§ **Exercise data**
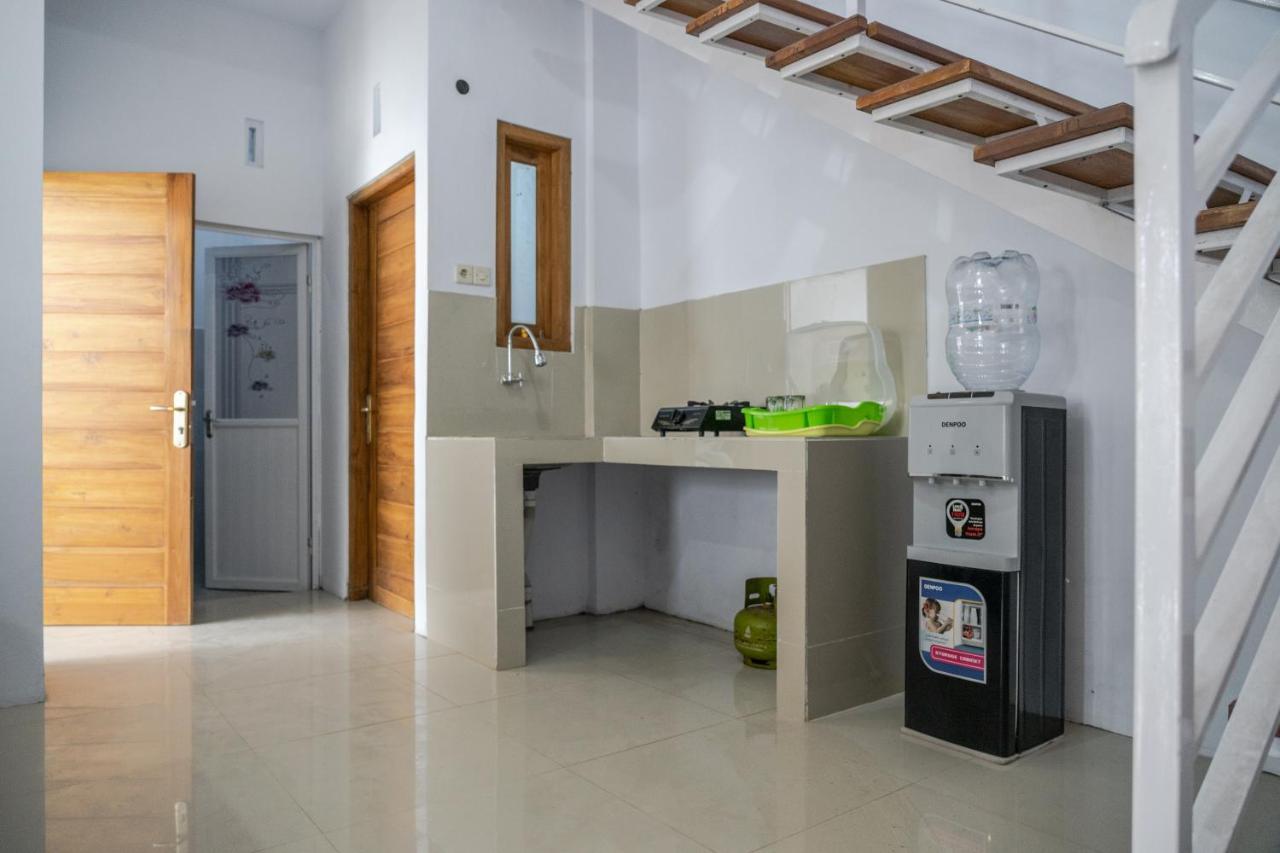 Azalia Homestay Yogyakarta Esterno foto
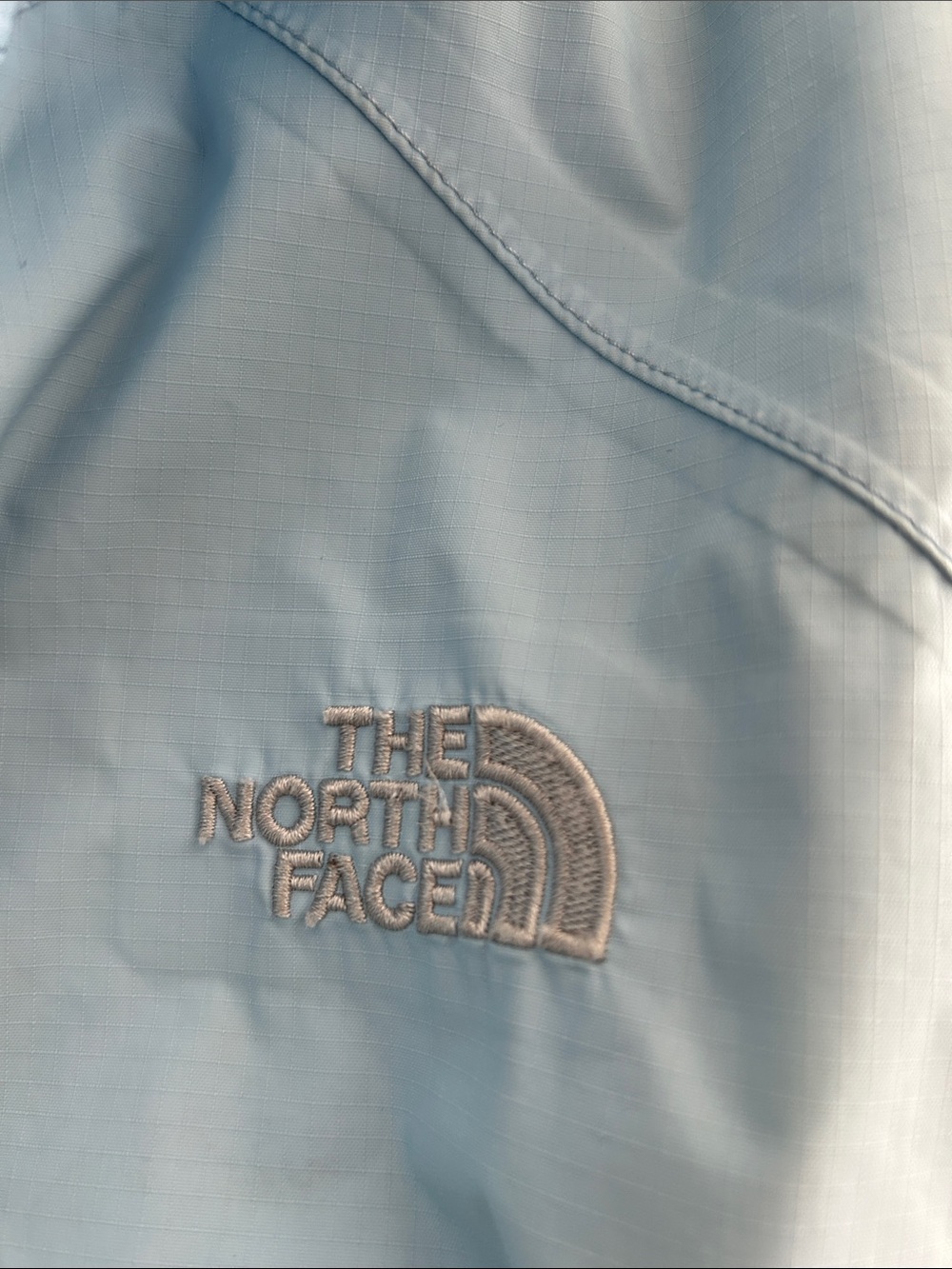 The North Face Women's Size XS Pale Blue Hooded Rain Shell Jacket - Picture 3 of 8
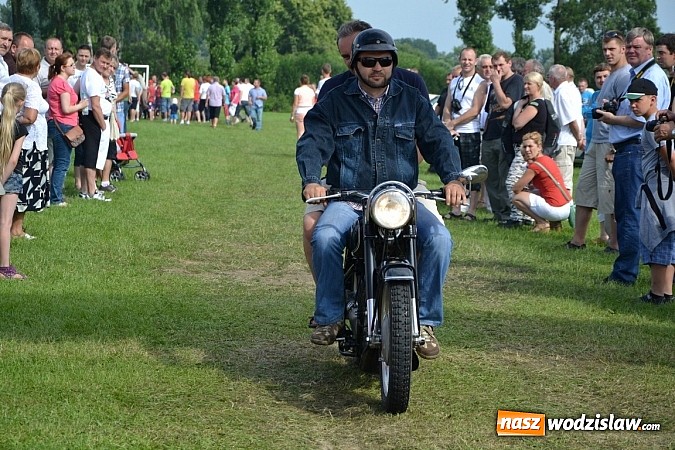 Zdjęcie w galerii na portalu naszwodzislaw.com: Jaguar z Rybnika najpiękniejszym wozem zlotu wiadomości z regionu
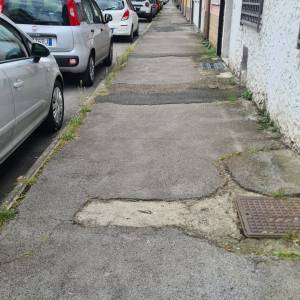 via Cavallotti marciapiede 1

§ **Required action**
Your task is to repeat the listing exactly while omitting its pictures.

§ **Reply to the task**
 Azalia Homestay Yogyakarta Esterno foto
 The North Face Women's Size XS Pale Blue Hooded Rain Shell Jacket - Picture 3 of 8
 Zdjęcie w galerii na portalu naszwodzislaw.com: Jaguar z Rybnika najpiękniejszym wozem zlotu wiadomości z regionu
 via Cavallotti marciapiede 1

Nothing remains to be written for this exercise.